パニック!
シード編・第四章
「イーグ=ファルコム」
B【ライザ=ケルヴィン】
煌、と照明が付けられた。寸前まで真っ暗闇だったせいか、目の前で赤い光がチカチカと明滅する。
目が眩む。
その光は “終わり“ の光だった。
―――見渡せば、赤の光景。
赤く赤く。
赤い花園。咲き乱れて。その香りが辺りを満たす。
それにしても疲れた。
これならいつもの仕事のほうが何倍もラクだ。
一体、こんなことをしてどんな意味があるのだろう。
考えて。
考えるのも面倒だと、思考を閉じる。
どうせ終わったし。でも、またこんなことあったらやだなぁ。
―――見渡せば、赤の光景。
赤く赤く。
赤い花園。咲き乱れて。その香りが辺りを満たす。
気分が悪い。
どうして俺はこんな夢を見ているのだろう。
吐き気がする。混乱する。
悪夢。これは悪夢か?
―――どうして?
ただの昔の思い出だよ。
過去の、最後の最後の夢の始まり。
見渡せば―――
気分が悪い・・・
―――赤の光景。
吐きそうだ!
赤い花園。咲き乱れて。・・・・・むせるような血の匂いが辺りを満たす。
切り刻まれ,砕かれ、壊れたヒトの身体が、赤く赤く。赤い花を百花繚乱と咲かせている。
まるで、赤い花園のように・・・
―――さあ、アンタはここには存在しない。
ここは僕がいた場所なのだから。
―――確かに。俺はここにいなかった。
だから、わからなかった。
―――見渡せば赤の光景。
その白い肌と銀の髪に、少しも赤を彩らずにフロアがいた。
呆然。と、目を見開いて立っている。
その視線は僕ではなくて、別の誰かを。
―――わからなかった。
わからなかったんだ、俺は!
―――見渡せば赤の光景。
フロアの視線の立つ先には一人。
シードが、よくわからない奇声をあげて泣き叫んでいた。
僕は、シードが、なんで、そんなに、泣き叫んでいたのか。
結局、最後の最後まで分かることはなかったんだ―――・・・・・・
「・・・うっ?」
目が眩む。
その光は外の光だった。暗い室内にいたせいか、光に目が慣れずに目が眩む。
「おい、大丈夫か?」
と、セイが隣で不安気に聞いてくる。
セイ=ケイリアック―――ちょっと見れば、好青年といった顔立ちをしてるけど、よくよく見れば皮肉と悪戯に塗れた表情。俺が大都市アバリチアで知り合った行商人。・・・だが、なんか色々あって商品が全て駄目になったらしいので、現在はアバリチアでバイト生活を送っているようだ。

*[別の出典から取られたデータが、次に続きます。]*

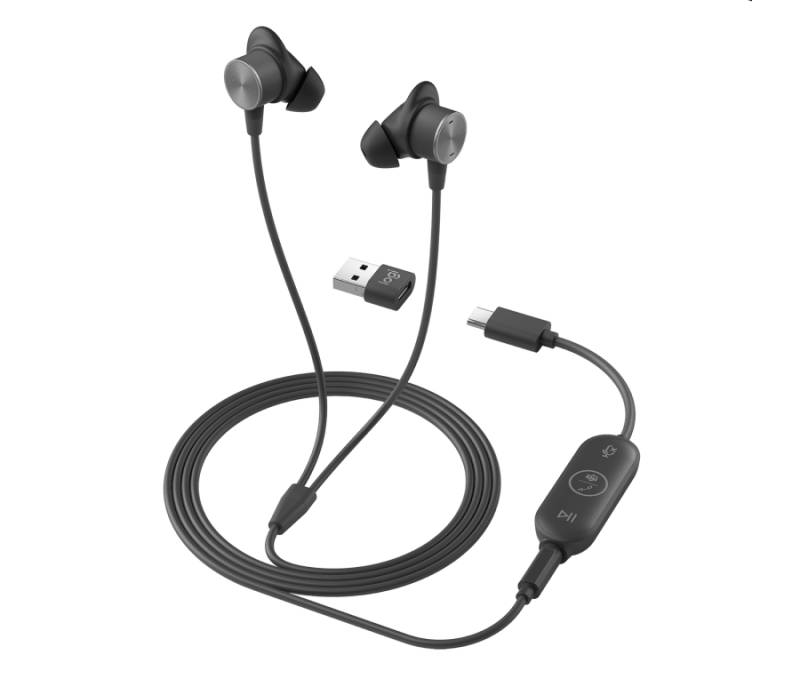 Logitech Zone Wired Earbuds USB-Headset, schwarz [MS zertifiziert] von Logitech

金髪、碧眼というここらへんではあまり珍しくない。ただ、ちょっと金髪が薄汚れたようにくすんでいるが―――。
その碧眼が、キョロリと俺の瞳を覗き込んでくる。
不安・・・というよりは、ヘンなものでも見るような目つきだ。
「なんだよ、その目は」
「お前、さっきからおかしいぞ」
と、答えたのはセイではない。
俺を挟んでセイとは逆隣のクレイスだった。
セイと同じく金髪碧眼だが、こちらは幾分か小奇麗な格好をしている。
「ぼーっとしまくって。熱でもあるのか?」
「なんでもない―――それより急ぐぞ」
と、背後の音を感じて俺は促した。
「てめユーイティ! そこどきやがれッ!」「剣を納めるのはお前だジーク! これ以上戦うというのならばこの閃光の光矢が―――」「光矢も兄さんも、どうして暗殺者の味方につくのですかっ」「「だって、面白そうジャン」」「「ハモらすなあああああっ」」―――とか俺たちの背後―――女神アテナの神殿とやらの中では、四聖剣の勇者(ウチ三人)とユーイティが互いに剣を交えている。
逃げるならば今がチャンス。
なのだが。
壁の向こうは外。
天気は良く、青空に雲が幾つか浮かんでいる。
日の上り具合から見て、昼近くだろうか?
この神殿は、どうやら街の郊外に立てられているらしく、辺りに人の気配は―――1つしかなかった。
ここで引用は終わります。